# Two fat ladies



## SpikeC (Aug 13, 2011)

The large lady was just flattening a chunk of rabbit with what looked for all the world like a CCK 1103! 
Rabbit layered with bacon. Braised in wine.
"season to your own taste- no one knows your own taste but you".


----------



## ecchef (Aug 14, 2011)

I thought one of them was dead.:scratchhead:


----------



## jmforge (Aug 14, 2011)

One of them is currently deceased.


----------



## Ichi (Aug 14, 2011)

So obviously, one of them has sung...:aikido:


----------



## Mike Davis (Aug 14, 2011)

Ichi said:


> So obviously, one of them has sung...:aikido:


 
HAHAHAHAHAHAAHAHAHAHAHA!!!! Wow.....


----------



## steeley (Aug 14, 2011)

I thought they were fun to watch.




[/IMG]


----------



## PierreRodrigue (Aug 14, 2011)

They were a hoot! But holy crap! their food will kill a guy! What a way to go though


----------



## jmforge (Aug 14, 2011)

No kidding. It occurred to me that if the one surviving fat lady continued to cook and eat that same way as she did on that show, she might count as two by now. aCtually, it wasn't the diet that got the one lady. It was smoking.


PierreRodrigue said:


> They were a hoot! But holy crap! their food will kill a guy! What a way to go though


----------



## apicius9 (Aug 14, 2011)

As a public health expert, I usually tell people they shouldn't worry about dying from obesity if they are smokers. Smoking will usually kill them before the suffering from the obesity consequences really kicks in...

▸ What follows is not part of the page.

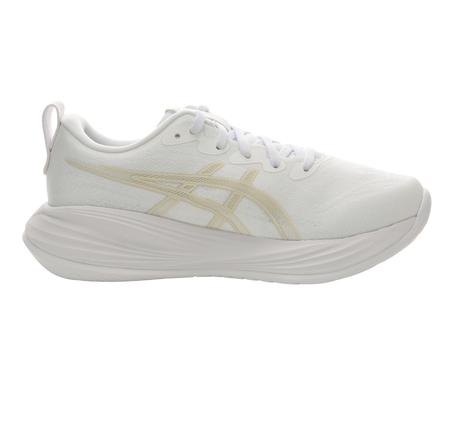 Asics Gel-Cumulus 27 Kadın Spor Ayakkabı Beyaz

Saw the two fat ladies yesterday 'I fried the potatoes in lard. You can use olive oil, if you must (looks disgusted), but lard is better.' Deadly fun 

Stefan


----------



## jmforge (Aug 15, 2011)

But aren't health experts quietly having to admit that the tarnished image of lard and butter should be at least partially rehabilitated because after decades of pushing margarine and shortening, we have been hearing for at least 15-20 years that those aren't really better for you and and for the last 5 that they may actually be worse?


apicius9 said:


> As a public health expert, I usually tell people they shouldn't worry about dying from obesity if they are smokers. Smoking will usually kill them before the suffering from the obesity consequences really kicks in...
> 
> Saw the two fat ladies yesterday 'I fried the potatoes in lard. You can use olive oil, if you must (looks disgusted), but lard is better.' Deadly fun
> 
> Stefan


----------